● THE TASK: Your reply should be made up of every line in the records below that holds the string "Pierre".

--- DATA EXTRACTS Enclosed Below ---

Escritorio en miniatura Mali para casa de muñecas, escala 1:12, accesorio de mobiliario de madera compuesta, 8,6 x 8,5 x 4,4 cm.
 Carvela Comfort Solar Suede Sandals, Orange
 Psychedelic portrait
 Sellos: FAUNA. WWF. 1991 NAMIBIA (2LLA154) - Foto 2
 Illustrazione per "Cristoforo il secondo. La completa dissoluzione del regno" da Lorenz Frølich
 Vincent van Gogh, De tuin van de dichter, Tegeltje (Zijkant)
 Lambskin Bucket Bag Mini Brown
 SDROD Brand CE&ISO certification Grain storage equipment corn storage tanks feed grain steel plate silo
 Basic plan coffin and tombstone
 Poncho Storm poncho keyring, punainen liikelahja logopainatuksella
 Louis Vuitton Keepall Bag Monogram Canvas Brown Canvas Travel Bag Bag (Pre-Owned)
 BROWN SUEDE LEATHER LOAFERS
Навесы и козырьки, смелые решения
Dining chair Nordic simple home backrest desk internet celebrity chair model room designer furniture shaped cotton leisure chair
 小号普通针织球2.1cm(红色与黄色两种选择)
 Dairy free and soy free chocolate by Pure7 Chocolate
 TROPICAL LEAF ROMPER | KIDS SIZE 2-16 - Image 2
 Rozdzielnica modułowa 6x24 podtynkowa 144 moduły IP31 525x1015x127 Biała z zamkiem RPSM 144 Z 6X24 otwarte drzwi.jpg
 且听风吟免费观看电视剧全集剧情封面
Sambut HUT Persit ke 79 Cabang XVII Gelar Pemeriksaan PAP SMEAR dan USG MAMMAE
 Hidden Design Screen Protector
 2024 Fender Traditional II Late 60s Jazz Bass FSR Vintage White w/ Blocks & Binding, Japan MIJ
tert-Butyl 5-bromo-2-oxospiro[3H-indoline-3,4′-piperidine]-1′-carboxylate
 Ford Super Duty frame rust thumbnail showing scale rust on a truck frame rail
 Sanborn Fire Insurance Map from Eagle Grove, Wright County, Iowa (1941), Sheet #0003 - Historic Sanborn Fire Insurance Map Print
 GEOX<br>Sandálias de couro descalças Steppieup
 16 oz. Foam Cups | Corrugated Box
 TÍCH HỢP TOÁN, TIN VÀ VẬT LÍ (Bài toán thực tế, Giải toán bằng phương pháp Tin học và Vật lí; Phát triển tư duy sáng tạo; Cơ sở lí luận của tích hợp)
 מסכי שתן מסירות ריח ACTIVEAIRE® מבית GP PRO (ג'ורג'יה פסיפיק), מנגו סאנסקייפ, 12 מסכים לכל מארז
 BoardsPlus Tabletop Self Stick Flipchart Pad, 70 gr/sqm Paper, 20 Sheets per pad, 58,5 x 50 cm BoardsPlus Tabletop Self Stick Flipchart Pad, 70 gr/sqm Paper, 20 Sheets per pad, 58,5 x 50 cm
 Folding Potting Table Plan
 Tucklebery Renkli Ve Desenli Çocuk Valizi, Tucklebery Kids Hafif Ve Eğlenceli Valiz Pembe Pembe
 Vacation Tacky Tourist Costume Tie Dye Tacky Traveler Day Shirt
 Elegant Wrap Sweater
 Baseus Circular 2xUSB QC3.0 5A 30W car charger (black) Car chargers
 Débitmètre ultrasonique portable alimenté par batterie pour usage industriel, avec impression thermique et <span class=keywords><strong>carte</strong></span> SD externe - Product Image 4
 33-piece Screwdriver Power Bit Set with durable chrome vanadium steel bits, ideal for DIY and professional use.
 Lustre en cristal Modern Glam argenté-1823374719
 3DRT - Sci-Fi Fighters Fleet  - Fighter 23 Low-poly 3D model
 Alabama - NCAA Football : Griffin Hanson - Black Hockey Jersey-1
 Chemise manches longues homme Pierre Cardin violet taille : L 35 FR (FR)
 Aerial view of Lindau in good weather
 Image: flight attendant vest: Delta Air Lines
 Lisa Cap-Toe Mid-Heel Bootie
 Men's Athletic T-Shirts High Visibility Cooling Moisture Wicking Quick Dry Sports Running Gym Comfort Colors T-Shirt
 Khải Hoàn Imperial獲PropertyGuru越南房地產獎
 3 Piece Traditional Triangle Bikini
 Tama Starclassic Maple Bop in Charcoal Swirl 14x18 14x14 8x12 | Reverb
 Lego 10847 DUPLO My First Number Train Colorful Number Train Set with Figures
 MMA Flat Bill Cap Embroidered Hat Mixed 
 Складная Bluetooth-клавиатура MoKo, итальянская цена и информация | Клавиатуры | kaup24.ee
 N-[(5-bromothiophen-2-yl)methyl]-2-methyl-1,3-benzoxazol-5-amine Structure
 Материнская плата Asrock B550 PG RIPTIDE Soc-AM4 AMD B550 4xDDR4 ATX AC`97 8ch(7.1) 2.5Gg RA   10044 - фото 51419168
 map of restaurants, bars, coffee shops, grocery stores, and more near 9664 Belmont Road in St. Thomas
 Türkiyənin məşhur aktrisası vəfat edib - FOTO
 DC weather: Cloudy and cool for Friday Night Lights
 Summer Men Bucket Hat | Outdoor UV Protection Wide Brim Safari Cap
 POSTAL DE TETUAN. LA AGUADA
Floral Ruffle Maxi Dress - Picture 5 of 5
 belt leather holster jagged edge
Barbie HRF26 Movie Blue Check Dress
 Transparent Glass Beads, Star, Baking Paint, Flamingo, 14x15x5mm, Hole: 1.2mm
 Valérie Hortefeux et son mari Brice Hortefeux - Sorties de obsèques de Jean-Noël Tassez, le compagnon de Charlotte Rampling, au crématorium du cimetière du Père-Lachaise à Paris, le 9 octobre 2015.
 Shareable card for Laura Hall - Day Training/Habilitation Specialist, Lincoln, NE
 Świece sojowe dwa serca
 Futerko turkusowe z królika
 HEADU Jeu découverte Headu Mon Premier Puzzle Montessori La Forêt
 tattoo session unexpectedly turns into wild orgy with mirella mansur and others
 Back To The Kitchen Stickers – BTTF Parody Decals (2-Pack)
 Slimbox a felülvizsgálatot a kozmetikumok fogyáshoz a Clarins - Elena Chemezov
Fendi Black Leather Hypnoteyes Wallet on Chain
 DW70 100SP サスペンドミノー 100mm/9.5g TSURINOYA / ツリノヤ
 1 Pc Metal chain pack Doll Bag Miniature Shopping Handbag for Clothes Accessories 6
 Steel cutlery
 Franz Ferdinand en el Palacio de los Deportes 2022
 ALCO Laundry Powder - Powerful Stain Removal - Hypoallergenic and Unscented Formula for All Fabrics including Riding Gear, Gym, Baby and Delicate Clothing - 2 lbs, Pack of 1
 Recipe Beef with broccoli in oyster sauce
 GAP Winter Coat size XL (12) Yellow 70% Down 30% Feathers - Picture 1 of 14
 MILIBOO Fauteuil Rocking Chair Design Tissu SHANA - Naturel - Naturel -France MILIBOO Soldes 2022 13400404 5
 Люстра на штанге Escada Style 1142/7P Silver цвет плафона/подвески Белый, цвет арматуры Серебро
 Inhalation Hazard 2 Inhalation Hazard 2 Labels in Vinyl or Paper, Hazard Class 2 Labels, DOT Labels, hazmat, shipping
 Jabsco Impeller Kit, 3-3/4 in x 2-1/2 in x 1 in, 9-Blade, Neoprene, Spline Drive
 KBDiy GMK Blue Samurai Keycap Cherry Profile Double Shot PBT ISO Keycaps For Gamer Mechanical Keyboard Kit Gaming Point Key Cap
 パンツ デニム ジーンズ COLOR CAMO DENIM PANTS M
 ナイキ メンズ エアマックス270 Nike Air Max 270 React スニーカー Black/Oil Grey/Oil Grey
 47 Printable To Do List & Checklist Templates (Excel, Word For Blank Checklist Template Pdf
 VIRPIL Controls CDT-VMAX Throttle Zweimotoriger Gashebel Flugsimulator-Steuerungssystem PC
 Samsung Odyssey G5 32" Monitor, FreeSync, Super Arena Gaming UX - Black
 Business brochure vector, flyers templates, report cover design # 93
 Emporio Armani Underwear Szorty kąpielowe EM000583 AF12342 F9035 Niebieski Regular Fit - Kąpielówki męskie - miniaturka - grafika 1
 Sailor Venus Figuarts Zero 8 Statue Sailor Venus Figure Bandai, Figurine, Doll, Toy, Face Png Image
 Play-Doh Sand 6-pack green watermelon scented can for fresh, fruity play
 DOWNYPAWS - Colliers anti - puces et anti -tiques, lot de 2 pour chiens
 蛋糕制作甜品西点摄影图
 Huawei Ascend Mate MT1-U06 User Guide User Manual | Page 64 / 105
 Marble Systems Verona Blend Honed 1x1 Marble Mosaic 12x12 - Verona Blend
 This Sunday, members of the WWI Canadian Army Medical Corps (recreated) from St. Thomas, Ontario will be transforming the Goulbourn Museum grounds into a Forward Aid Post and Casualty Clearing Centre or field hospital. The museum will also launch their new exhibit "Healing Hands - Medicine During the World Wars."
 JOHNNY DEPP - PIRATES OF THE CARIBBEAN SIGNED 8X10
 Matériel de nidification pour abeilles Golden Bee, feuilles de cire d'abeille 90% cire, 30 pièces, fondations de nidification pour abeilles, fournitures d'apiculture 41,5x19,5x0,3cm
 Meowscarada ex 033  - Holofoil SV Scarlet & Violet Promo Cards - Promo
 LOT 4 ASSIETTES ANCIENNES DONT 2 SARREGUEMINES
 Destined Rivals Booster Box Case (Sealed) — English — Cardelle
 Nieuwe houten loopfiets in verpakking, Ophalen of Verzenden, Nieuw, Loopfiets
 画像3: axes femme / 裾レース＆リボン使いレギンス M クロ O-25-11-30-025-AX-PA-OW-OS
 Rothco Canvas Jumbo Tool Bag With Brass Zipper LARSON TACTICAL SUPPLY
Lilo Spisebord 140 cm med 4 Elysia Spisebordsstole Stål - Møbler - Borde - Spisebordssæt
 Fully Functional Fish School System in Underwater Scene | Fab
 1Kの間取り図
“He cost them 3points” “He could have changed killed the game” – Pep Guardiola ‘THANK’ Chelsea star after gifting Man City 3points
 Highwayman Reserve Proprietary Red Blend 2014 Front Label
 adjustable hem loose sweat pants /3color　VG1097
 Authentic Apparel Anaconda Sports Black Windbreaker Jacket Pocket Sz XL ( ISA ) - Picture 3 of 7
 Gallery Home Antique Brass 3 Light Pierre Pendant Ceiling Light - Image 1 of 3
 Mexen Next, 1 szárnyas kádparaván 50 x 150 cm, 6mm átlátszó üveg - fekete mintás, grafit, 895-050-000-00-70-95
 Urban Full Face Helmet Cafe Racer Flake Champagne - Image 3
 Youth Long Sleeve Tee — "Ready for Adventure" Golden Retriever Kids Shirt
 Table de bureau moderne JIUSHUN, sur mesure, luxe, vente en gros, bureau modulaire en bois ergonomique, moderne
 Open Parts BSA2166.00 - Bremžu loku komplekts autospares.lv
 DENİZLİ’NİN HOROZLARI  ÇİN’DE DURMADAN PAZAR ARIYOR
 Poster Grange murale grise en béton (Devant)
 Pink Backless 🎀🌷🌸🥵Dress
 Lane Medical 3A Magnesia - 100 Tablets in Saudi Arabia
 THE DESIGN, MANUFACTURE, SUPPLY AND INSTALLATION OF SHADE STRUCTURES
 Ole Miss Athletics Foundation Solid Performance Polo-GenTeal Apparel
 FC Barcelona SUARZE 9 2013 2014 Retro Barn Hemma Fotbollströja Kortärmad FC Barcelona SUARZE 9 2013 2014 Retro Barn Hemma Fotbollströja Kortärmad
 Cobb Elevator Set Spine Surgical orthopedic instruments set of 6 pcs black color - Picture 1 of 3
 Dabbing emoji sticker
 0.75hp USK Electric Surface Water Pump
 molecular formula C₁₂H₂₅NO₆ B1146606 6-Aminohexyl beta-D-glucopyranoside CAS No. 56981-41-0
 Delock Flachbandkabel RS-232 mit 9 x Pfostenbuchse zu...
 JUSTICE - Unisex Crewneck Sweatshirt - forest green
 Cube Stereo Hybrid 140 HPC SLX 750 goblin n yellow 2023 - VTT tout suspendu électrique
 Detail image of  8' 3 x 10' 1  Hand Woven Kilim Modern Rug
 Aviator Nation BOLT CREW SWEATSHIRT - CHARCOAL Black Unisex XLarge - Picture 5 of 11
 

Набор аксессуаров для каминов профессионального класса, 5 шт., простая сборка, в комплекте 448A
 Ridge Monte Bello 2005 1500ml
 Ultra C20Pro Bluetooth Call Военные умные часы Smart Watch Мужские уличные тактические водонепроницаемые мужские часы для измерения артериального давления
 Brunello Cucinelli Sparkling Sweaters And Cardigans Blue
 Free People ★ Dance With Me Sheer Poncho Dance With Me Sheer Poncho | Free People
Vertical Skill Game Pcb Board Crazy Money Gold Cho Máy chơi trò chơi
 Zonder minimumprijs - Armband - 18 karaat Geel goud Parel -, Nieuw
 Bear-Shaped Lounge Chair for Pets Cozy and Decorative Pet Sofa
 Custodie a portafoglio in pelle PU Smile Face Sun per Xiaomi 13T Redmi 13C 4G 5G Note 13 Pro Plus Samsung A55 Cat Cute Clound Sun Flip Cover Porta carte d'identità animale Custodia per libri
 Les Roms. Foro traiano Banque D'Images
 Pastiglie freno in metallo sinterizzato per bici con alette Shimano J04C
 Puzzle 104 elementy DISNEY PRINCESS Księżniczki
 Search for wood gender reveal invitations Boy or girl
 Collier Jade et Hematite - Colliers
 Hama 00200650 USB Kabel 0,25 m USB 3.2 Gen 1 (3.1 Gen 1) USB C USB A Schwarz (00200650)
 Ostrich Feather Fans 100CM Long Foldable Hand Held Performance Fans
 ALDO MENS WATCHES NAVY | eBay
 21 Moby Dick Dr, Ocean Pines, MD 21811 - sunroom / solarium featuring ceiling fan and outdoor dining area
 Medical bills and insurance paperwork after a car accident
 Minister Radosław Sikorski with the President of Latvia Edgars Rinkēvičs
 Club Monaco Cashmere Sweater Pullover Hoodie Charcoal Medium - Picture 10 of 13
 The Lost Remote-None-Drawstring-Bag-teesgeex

--- End of Enclosed DATA EXTRACTS ---

● EXERCISE SOLUTION:
 Chemise manches longues homme Pierre Cardin violet taille : L 35 FR (FR)
 Gallery Home Antique Brass 3 Light Pierre Pendant Ceiling Light - Image 1 of 3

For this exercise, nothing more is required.